(Input material)
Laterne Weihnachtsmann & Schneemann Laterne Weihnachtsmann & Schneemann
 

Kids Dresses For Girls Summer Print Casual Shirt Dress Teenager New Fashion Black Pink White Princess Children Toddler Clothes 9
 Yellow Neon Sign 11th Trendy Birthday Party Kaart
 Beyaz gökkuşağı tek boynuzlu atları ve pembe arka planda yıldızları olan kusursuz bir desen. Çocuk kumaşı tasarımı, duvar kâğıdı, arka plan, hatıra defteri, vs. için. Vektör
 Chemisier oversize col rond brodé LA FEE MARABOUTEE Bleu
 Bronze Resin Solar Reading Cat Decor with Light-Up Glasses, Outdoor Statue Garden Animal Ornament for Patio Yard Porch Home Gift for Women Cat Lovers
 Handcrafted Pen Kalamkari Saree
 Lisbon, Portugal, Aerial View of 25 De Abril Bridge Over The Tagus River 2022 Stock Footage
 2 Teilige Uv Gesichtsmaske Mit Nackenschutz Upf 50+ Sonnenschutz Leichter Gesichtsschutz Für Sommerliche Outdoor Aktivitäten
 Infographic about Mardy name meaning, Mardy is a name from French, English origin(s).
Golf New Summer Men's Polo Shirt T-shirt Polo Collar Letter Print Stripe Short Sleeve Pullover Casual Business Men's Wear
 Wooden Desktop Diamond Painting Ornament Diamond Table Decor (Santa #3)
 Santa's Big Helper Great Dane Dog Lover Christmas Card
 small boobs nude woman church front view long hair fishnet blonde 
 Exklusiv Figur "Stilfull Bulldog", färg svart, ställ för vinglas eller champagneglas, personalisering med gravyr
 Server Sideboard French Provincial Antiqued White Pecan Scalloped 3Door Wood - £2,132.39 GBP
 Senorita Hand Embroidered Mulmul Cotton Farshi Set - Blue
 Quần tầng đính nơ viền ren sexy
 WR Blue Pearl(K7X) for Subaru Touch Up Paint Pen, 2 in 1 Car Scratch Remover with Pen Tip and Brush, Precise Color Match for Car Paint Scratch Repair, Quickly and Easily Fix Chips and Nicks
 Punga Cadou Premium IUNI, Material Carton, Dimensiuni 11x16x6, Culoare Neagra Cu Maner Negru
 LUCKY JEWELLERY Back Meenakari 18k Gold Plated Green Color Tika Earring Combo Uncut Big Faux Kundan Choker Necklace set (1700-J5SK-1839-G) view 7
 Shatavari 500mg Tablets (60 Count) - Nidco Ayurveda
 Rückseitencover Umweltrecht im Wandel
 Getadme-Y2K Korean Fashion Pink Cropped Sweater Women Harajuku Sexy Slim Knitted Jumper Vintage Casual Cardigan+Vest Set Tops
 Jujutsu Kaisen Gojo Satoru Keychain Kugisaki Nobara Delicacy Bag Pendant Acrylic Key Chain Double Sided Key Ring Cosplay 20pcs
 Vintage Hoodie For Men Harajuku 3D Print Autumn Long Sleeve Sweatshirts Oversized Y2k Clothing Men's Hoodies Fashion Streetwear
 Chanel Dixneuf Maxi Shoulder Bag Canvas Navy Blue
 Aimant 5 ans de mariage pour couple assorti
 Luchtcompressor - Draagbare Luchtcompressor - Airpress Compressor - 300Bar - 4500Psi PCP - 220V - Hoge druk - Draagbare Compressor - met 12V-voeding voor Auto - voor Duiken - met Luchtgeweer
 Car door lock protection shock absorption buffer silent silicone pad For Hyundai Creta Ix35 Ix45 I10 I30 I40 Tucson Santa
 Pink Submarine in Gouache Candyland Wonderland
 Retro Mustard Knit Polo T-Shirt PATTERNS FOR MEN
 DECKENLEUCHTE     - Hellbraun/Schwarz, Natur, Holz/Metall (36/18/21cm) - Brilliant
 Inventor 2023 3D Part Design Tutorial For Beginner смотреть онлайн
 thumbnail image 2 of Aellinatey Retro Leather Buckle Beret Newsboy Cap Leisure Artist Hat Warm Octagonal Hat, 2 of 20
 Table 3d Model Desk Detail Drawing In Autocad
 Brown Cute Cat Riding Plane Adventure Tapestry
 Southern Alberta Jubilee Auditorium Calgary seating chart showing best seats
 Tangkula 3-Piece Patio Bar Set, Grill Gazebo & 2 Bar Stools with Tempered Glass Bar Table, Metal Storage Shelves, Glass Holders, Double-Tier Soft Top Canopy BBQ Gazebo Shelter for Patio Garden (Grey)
(End Input material)
Your assignment:
Copy out the records once more, exactly as they are written.

Written response:
Laterne Weihnachtsmann & Schneemann Laterne Weihnachtsmann & Schneemann
 

Kids Dresses For Girls Summer Print Casual Shirt Dress Teenager New Fashion Black Pink White Princess Children Toddler Clothes 9
 Yellow Neon Sign 11th Trendy Birthday Party Kaart
 Beyaz gökkuşağı tek boynuzlu atları ve pembe arka planda yıldızları olan kusursuz bir desen. Çocuk kumaşı tasarımı, duvar kâğıdı, arka plan, hatıra defteri, vs. için. Vektör
 Chemisier oversize col rond brodé LA FEE MARABOUTEE Bleu
 Bronze Resin Solar Reading Cat Decor with Light-Up Glasses, Outdoor Statue Garden Animal Ornament for Patio Yard Porch Home Gift for Women Cat Lovers
 Handcrafted Pen Kalamkari Saree
 Lisbon, Portugal, Aerial View of 25 De Abril Bridge Over The Tagus River 2022 Stock Footage
 2 Teilige Uv Gesichtsmaske Mit Nackenschutz Upf 50+ Sonnenschutz Leichter Gesichtsschutz Für Sommerliche Outdoor Aktivitäten
 Infographic about Mardy name meaning, Mardy is a name from French, English origin(s).
Golf New Summer Men's Polo Shirt T-shirt Polo Collar Letter Print Stripe Short Sleeve Pullover Casual Business Men's Wear
 Wooden Desktop Diamond Painting Ornament Diamond Table Decor (Santa #3)
 Santa's Big Helper Great Dane Dog Lover Christmas Card
 small boobs nude woman church front view long hair fishnet blonde 
 Exklusiv Figur "Stilfull Bulldog", färg svart, ställ för vinglas eller champagneglas, personalisering med gravyr
 Server Sideboard French Provincial Antiqued White Pecan Scalloped 3Door Wood - £2,132.39 GBP
 Senorita Hand Embroidered Mulmul Cotton Farshi Set - Blue
 Quần tầng đính nơ viền ren sexy
 WR Blue Pearl(K7X) for Subaru Touch Up Paint Pen, 2 in 1 Car Scratch Remover with Pen Tip and Brush, Precise Color Match for Car Paint Scratch Repair, Quickly and Easily Fix Chips and Nicks
 Punga Cadou Premium IUNI, Material Carton, Dimensiuni 11x16x6, Culoare Neagra Cu Maner Negru
 LUCKY JEWELLERY Back Meenakari 18k Gold Plated Green Color Tika Earring Combo Uncut Big Faux Kundan Choker Necklace set (1700-J5SK-1839-G) view 7
 Shatavari 500mg Tablets (60 Count) - Nidco Ayurveda
 Rückseitencover Umweltrecht im Wandel
 Getadme-Y2K Korean Fashion Pink Cropped Sweater Women Harajuku Sexy Slim Knitted Jumper Vintage Casual Cardigan+Vest Set Tops
 Jujutsu Kaisen Gojo Satoru Keychain Kugisaki Nobara Delicacy Bag Pendant Acrylic Key Chain Double Sided Key Ring Cosplay 20pcs
 Vintage Hoodie For Men Harajuku 3D Print Autumn Long Sleeve Sweatshirts Oversized Y2k Clothing Men's Hoodies Fashion Streetwear
 Chanel Dixneuf Maxi Shoulder Bag Canvas Navy Blue
 Aimant 5 ans de mariage pour couple assorti
 Luchtcompressor - Draagbare Luchtcompressor - Airpress Compressor - 300Bar - 4500Psi PCP - 220V - Hoge druk - Draagbare Compressor - met 12V-voeding voor Auto - voor Duiken - met Luchtgeweer
 Car door lock protection shock absorption buffer silent silicone pad For Hyundai Creta Ix35 Ix45 I10 I30 I40 Tucson Santa
 Pink Submarine in Gouache Candyland Wonderland
 Retro Mustard Knit Polo T-Shirt PATTERNS FOR MEN
 DECKENLEUCHTE     - Hellbraun/Schwarz, Natur, Holz/Metall (36/18/21cm) - Brilliant
 Inventor 2023 3D Part Design Tutorial For Beginner смотреть онлайн
 thumbnail image 2 of Aellinatey Retro Leather Buckle Beret Newsboy Cap Leisure Artist Hat Warm Octagonal Hat, 2 of 20
 Table 3d Model Desk Detail Drawing In Autocad
 Brown Cute Cat Riding Plane Adventure Tapestry
 Southern Alberta Jubilee Auditorium Calgary seating chart showing best seats
 Tangkula 3-Piece Patio Bar Set, Grill Gazebo & 2 Bar Stools with Tempered Glass Bar Table, Metal Storage Shelves, Glass Holders, Double-Tier Soft Top Canopy BBQ Gazebo Shelter for Patio Garden (Grey)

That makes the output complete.